Musings of a schizoid mind
Mad Girls’ Love Song is one of those books that will hook you with its enticing blurb — literary history, detective story, romance, post-colonial fable.
The book is a first-person account by Pari, a “schizoid childwoman” from the mythical town of Tempke.
In her real life, Pari is the daughter of the richest man in Tempke, sent off to the local convent school to board, after her mother kills herself. At school she discovers literature in English, a language she is far more comfortable with than any Indian language.
In her mind’s journeys, Pari is another being, an angel or a bat, her life intertwined with the lives of the poets and authors she discovers in the school library — Sylvia Plath, William Blake and D.H. Lawrence. As she continues reading their works and starts delving thereon into works about them, she starts imagining herself in their lives. She converses with them, encourages them, provides them a muse, or leaves with them messages — in her mind, she guides them towards their greater achievements.
She is the voice pushing them towards newer boundaries — in her head she takes Plath to the local Baba in Tempke, gives Blake the idea of inventing the technique of relief and inspires Lawrence out of his post-war malaise.
Over the course of the book, Pari talks of these interactions, in long and rambling detail, and woven into this are the events that have troubled her in her real life in the past as well as the events she must confront now.
She wants to find out, among many things, the reason behind her mother’s suicide, the riddle of a turkey that is killed before it can become the Christmas dinner and has deeper questions on love.
Rukmini’s writing is clear, interspersed with some bits that stand out — Lawrence’s wife Frieda’s voice is conveyed through a few short but distinctive sections, and a brief description of the apsaras is particularly striking. There is a tinge of humour too — a fine piece has Pari describing herself as a bat in Lawrence’s room and thereby inspiring him to write Man and Bat.
The premise of the book is reasonably uncommon. It reminded me, in its flip-flopping between the real and imagined states, of Rachel Ferguson’s The Brontës Went to Woolworths, but without the frivolity of the earlier work.
I entered into both books with a lot of expectations. Unfortunately, not all of them were quite met.
The narrative flits dizzyingly through time, mind state and geography — moving from the reality of playing with friends in Tempke to a visit with Blake to see a tiger in London, back to the reality of her psychiatric treatment in England, to a meeting with other angels and back to present-day reality in Tempke. It breaks off a few times to digress into history, hat-making and other such titbits.
The resultant disjointed and rambling style of storytelling, clearly adopted in keeping with the nature of Pari’s mind, is interesting at first but gets tedious after a while. The digressions start off as interesting, but then become too prolonged; their link to the story weakens to the point where it almost has to be explained. The book does stretch a bit. I found myself flipping through parts of it because they just didn’t hold my interest. At the same time, the end seems rushed.
The book is split broadly into sections by poet. Section-wise, the Sylvia Plath part has a balanced mix of Pari’s conversations with Sylvia and her piecemeal memories of Tempke. To me the D.H. Lawrence section seemed most hurried. The William Blake section, unfortunately, meanders, moving away from Pari’s mysteries and memories. Unfortunate because it is actually the more interesting portion if you were to read patiently through it, filled with nuggets on his life and work, reflecting the amount of research and effort a work like this needs.
Therefore to me it is literary, yes; romance, perhaps; detective, no, not really. The mysteries mentioned early in the book are constantly undermined by the rambling, so much so that when the narrative returns to the
story of the turkey, it holds little interest.
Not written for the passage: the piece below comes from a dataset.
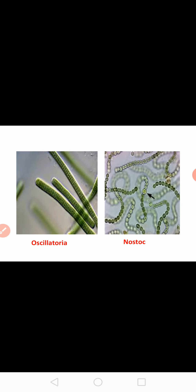So these are all about the classification and the types of pigmentation in algae. Hope you all understood the class. Thank you.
This book is a beautifully painstaking result of an abiding love for literature and poetry. It is, however, a tough read if you don’t share an equal amount of passion for them, as the author does. To me, exposed to these poets in intermittent doses, it works partially, at best managing to revive an interest in them.
The author acknowledges as much — that this book needs “readers who are as crazily familiar with Plath, Blake and Lawrence as the protagonist” to get a sense of it. I would agree. However, I do wish she had not mentioned in the acknowledgements an easy way out — splitting the book into sections and offering the reader the option of reading as per one’s interest. To me it feels that would result in an incomplete understanding of Pari’s thoughts and doings. I would have preferred it if each segment worked equally strongly in pulling you closer towards developing a deeper interest in the respective poets.